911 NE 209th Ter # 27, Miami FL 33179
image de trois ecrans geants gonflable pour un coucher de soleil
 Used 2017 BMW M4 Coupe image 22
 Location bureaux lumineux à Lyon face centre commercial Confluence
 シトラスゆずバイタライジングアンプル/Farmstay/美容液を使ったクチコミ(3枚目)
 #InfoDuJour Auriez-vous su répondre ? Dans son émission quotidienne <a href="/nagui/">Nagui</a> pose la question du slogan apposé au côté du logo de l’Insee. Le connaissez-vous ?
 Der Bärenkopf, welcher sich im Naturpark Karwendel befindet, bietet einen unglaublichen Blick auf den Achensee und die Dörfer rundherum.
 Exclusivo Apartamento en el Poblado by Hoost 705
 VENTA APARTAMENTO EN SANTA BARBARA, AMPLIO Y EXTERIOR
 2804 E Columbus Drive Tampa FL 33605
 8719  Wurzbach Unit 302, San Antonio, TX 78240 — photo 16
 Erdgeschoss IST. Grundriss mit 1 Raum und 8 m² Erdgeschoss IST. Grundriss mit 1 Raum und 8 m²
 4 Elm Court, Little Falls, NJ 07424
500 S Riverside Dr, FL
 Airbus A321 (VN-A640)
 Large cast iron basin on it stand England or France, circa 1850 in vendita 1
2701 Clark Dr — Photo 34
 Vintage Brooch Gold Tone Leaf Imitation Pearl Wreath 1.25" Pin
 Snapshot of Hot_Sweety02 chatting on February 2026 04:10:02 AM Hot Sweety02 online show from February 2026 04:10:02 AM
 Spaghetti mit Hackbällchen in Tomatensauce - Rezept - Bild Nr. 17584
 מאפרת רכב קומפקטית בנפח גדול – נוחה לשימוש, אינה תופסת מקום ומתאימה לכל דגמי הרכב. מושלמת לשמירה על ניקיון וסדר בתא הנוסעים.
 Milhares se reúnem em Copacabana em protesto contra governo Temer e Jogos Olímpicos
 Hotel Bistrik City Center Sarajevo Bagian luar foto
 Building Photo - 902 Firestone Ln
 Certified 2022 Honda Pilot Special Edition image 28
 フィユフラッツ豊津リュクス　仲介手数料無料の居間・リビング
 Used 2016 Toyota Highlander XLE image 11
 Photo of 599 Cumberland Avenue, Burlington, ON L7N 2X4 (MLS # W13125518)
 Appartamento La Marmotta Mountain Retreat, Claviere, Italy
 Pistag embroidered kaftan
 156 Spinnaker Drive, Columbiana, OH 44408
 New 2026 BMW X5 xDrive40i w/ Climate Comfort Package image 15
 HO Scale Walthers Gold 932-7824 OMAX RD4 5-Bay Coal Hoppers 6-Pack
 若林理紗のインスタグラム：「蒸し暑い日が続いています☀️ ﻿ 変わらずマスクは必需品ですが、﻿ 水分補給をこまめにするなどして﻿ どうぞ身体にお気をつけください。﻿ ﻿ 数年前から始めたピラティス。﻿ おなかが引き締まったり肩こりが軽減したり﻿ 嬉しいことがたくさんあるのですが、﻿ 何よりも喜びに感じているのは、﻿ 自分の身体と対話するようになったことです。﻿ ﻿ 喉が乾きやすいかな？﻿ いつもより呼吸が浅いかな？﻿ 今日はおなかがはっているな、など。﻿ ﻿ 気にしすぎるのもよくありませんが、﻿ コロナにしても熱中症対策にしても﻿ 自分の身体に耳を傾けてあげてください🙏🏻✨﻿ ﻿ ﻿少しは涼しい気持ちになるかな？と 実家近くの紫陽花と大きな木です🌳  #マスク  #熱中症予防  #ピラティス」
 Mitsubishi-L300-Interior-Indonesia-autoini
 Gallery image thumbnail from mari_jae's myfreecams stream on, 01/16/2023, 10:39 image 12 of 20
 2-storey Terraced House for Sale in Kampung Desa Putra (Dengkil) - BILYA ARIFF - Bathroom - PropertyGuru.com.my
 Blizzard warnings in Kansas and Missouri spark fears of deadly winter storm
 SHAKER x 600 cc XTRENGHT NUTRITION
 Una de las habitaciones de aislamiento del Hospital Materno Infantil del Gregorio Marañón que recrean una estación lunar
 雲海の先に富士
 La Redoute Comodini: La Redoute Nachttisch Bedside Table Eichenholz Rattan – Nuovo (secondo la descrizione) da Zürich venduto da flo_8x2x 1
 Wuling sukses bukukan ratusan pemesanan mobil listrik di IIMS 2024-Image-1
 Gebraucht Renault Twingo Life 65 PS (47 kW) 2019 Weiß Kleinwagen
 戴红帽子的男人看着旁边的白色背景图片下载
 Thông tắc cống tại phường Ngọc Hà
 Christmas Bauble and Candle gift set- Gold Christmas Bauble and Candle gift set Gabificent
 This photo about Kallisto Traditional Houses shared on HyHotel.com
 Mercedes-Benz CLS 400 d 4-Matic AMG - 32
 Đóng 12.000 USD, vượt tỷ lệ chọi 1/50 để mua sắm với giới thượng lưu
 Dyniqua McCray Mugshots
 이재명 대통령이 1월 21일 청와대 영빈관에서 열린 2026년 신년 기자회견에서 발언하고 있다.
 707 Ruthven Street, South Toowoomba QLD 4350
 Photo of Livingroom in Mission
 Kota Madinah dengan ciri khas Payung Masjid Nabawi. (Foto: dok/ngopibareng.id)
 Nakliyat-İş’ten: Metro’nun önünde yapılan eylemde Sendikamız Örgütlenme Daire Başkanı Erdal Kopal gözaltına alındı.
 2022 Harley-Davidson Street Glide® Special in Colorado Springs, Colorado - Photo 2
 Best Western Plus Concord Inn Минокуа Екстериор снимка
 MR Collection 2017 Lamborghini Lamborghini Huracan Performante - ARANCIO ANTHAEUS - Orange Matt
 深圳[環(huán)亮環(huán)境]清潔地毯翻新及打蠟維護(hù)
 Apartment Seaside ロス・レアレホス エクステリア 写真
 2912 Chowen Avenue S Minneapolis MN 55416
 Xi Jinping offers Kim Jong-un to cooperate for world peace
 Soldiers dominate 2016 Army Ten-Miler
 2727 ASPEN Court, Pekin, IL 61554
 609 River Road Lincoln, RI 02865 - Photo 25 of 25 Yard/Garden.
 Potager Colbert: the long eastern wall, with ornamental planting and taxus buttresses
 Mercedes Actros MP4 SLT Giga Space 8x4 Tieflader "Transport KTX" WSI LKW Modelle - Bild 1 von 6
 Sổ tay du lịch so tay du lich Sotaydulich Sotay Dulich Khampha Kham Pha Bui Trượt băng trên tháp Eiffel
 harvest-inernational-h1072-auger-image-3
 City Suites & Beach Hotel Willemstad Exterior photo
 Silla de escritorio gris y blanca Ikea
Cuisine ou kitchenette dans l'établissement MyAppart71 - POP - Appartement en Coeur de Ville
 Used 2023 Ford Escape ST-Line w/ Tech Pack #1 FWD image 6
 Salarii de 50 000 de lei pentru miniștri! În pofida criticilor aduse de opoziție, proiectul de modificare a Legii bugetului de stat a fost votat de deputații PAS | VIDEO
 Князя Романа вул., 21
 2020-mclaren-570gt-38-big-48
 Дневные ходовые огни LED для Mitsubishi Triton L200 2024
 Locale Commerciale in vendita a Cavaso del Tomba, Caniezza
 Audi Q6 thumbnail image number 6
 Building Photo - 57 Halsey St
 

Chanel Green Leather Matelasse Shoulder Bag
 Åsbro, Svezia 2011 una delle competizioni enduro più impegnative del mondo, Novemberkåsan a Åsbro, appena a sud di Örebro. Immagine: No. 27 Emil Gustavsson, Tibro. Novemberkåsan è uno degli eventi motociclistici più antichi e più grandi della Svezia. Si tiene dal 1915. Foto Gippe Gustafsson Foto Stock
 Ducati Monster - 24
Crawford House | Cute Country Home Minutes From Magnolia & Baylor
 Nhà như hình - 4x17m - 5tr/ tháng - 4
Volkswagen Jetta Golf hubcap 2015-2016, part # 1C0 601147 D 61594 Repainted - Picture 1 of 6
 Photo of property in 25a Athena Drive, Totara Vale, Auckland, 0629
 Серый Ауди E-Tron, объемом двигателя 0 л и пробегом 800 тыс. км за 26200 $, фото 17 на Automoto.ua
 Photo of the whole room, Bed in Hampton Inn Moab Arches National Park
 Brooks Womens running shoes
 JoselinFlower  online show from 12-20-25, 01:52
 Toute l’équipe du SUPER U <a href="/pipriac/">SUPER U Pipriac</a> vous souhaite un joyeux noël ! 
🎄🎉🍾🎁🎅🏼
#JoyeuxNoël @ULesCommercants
=======
*WHAT YOU ARE ASKED TO DO*: Isolate the lines above that contain the word "vous" and copy them.

*SOLUTION*:
 #InfoDuJour Auriez-vous su répondre ? Dans son émission quotidienne <a href="/nagui/">Nagui</a> pose la question du slogan apposé au côté du logo de l’Insee. Le connaissez-vous ?
 Toute l’équipe du SUPER U <a href="/pipriac/">SUPER U Pipriac</a> vous souhaite un joyeux noël ! 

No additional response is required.